While research and policy have been concerned with each of these trends often in parallel, surprisingly few efforts have considered them together, to ask whether and how interdisciplinary science might at once not only stimulate discovery across but also attract diversity to the scientific enterprise.

Despite the lack of empirical evidence there seems to be a tacit expectation, if not widespread assumption, on the part of many policy reformers, administrators and researchers that women may have a stronger preference or predisposition for interdisciplinary over disciplinary work as compared to their male colleagues. For example, reform efforts designed to recruit and retain women to science courses and careers often direct universities to: rely more on integrative methods, provide cooperative learning and working environments, use less competitive models of teaching and more flexible models of tenure, frame science in its social context, present practical applications along with theoretical motivations from the outset, and undertake problems with a "holistic" or "global" scope.

Moreover, as researchers interested in interdisciplinarity as an object of study, we have both been asked repeatedly about gender as predictor of participation in or success with interdisciplinary practices. We have also been confronted by scientists telling us that we should not encourage junior women to conduct interdisciplinary research because "women have a hard enough time as it is, you need to keep them focused on rigorous science or they’ll never be taken seriously." After a growing store of anecdotal data to the point, we started to ask ourselves why we weren’t looking at gender and began listening to our peers and readers.
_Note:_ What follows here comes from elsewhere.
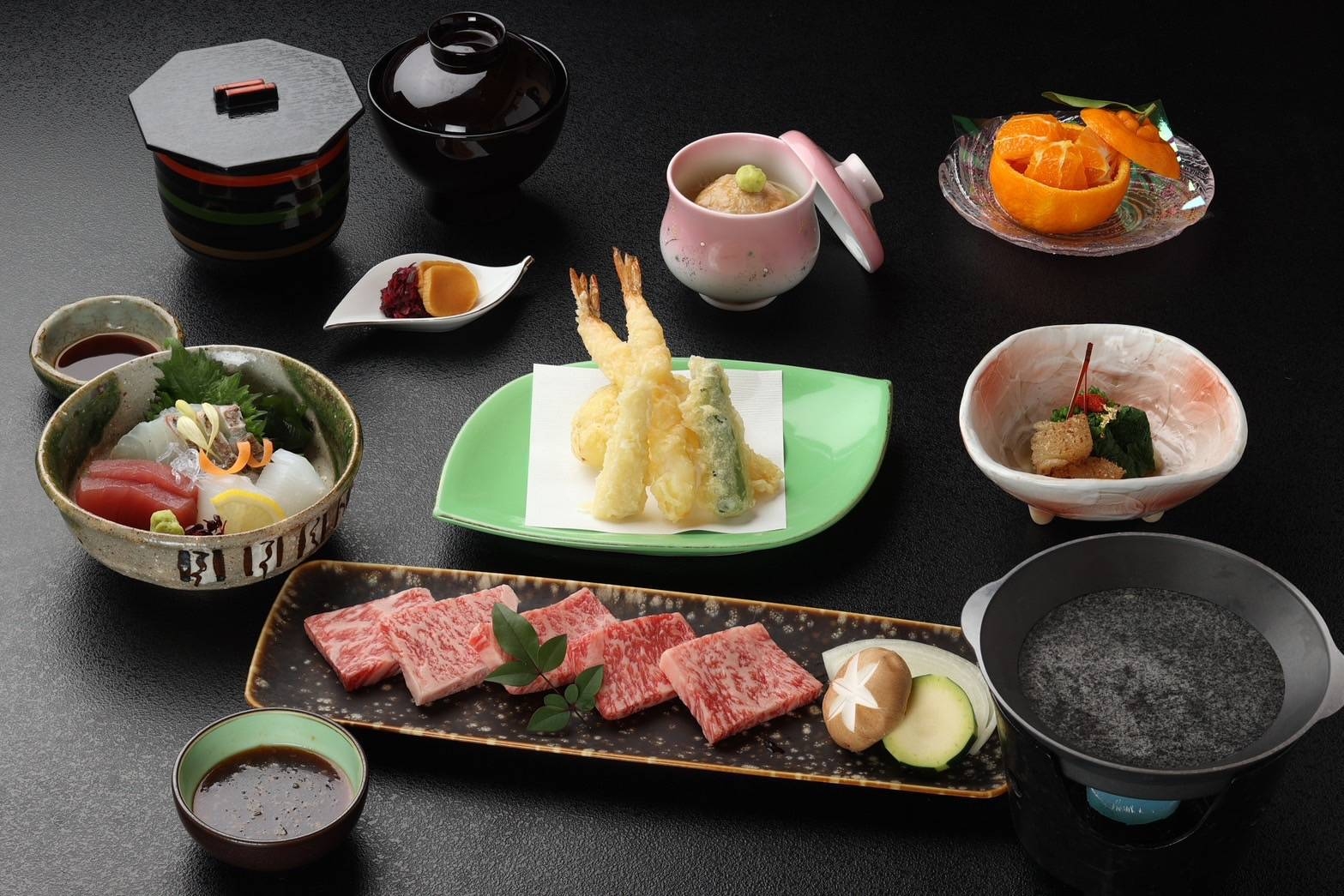 紀州の幸を堪能！伊勢海老or熊野牛のメインを選べる贅沢会席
Given we could find only two empirical analyses explicitly tackling the question of gender and interdisciplinarity, we began by recoding our data to see if we had any evidence to support these broader expectations and then proceeded with reviewing different schools of thought to see what theories might best explain the observations.
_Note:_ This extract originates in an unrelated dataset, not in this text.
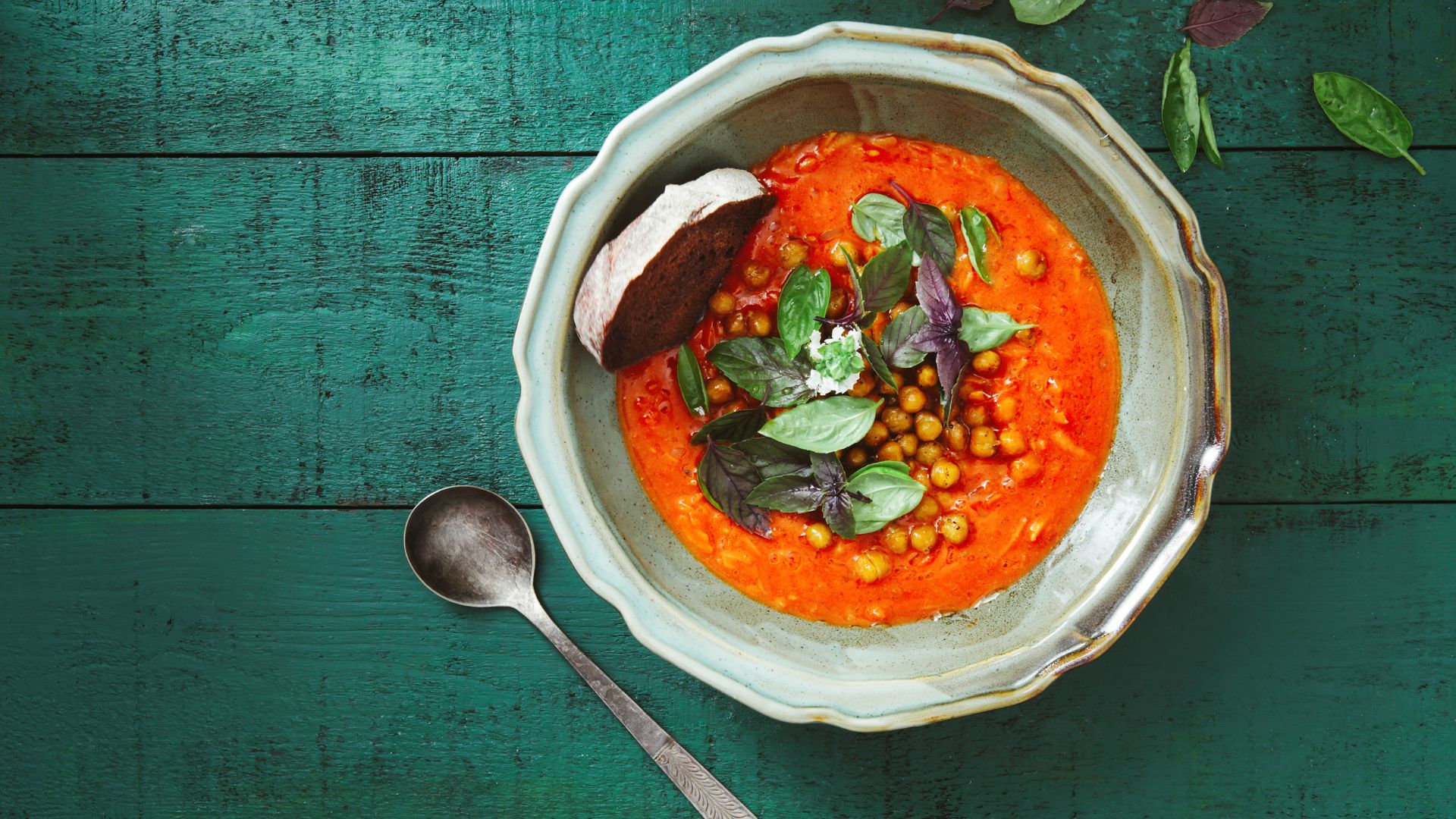 Red pepper soup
Of course, over-generalizing and over-essentializing differences between women and men is a common pitfall, and one we do not wish to stumble into here by arguing for simple generic categories. Using gender as a lens, the purpose is to develop an awareness of how intrapersonal, interpersonal, and socio-structural factors may contribute to decisions about interdisciplinary research and how such actions might then affect individual careers and institutional strategies. In fact, though we focus here on women in academic research, we believe that the arguments we propose may, in some cases, also resonate with men as well as with scholars in minority groups.

Admittedly, our approach is exploratory, and our data are sparse. But, even with these limitations, we see this as an important first step toward understanding the preferences women might have for interdisciplinarity and why. We also see this as a critical point in the policy process to identify what consequences -- both intended and unintended -- might come from twinning the goals of expanding interdisciplinary science with those of increasing scientific diversity, and what they could pose for the individuals, their institutions, and the larger enterprise. Our hope is to catalyze research science practice and policy discussions about the subject of diversity and interdisciplinarity; thus, we intentionally set out to raise more questions than we answer. We want to examine the proposition, not start with an assumption.
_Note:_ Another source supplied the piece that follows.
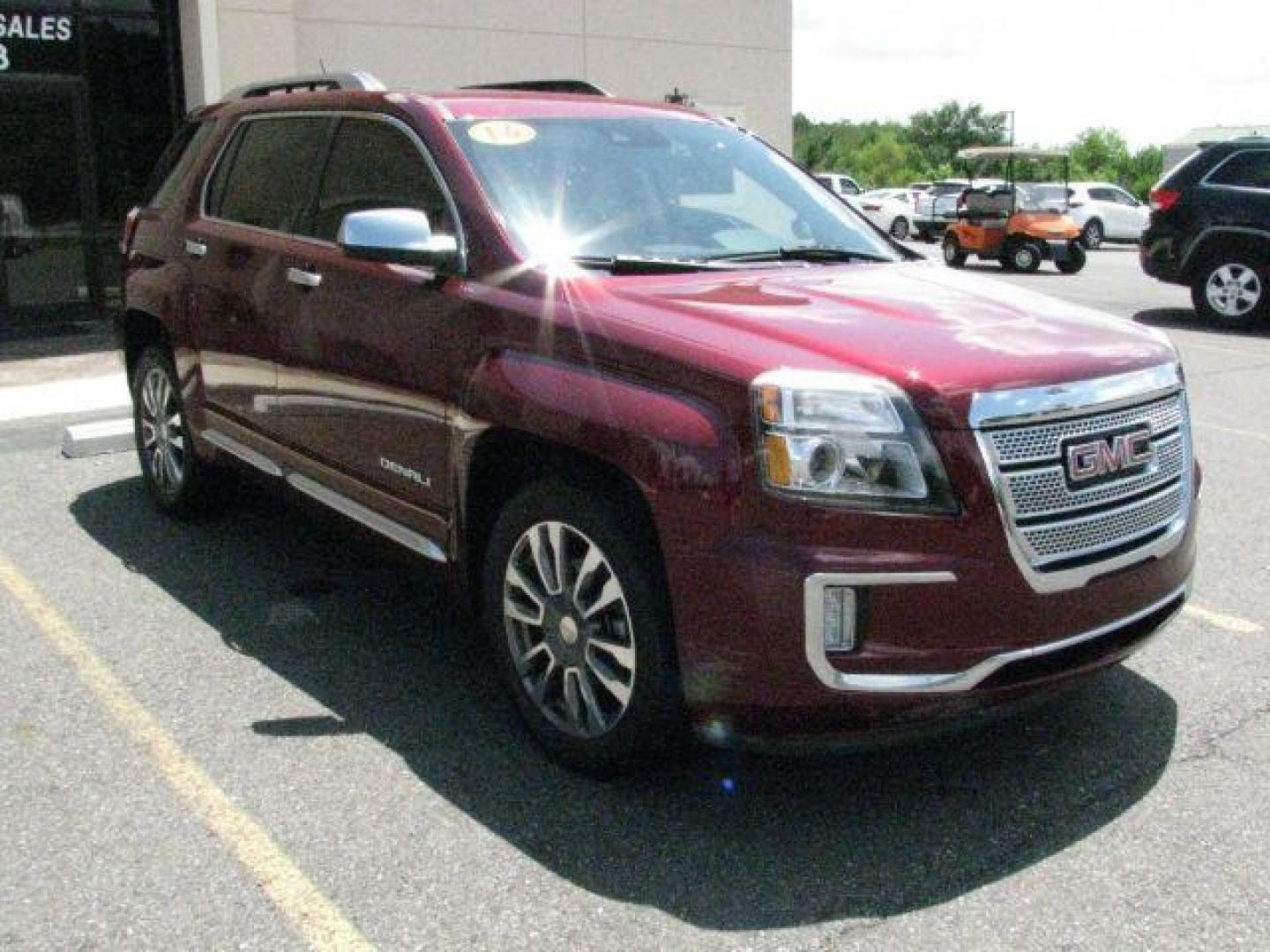 2016 Maroon GMC Terrain Denali (2GKFLVE38G6) with an 3.6L V-6 gasoline direct injection engine, Automatic transmission, located at 2443 Albert Pike, Hot Springs, AR, 71913, (501) 623-6255, 34.492222, -93.109993- Photo#5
We found only one large-scale empirical study concerned with the connection between gender and interdisciplinarity. In 1998, Evaluation Associates Ltd, a consulting firm, conducted an assessment of interdisciplinary research in higher education institutions in Britatin. The analysis of responses from 5,505 researchers in British higher education institutions indicates that greater percentages of women than men report participating in interdisciplinary research at almost every age and discipline. The differences in rates of participation for junior faculty are particularly significant as British women report spending approximately half of their time on interdisciplinary research and men spend only a third.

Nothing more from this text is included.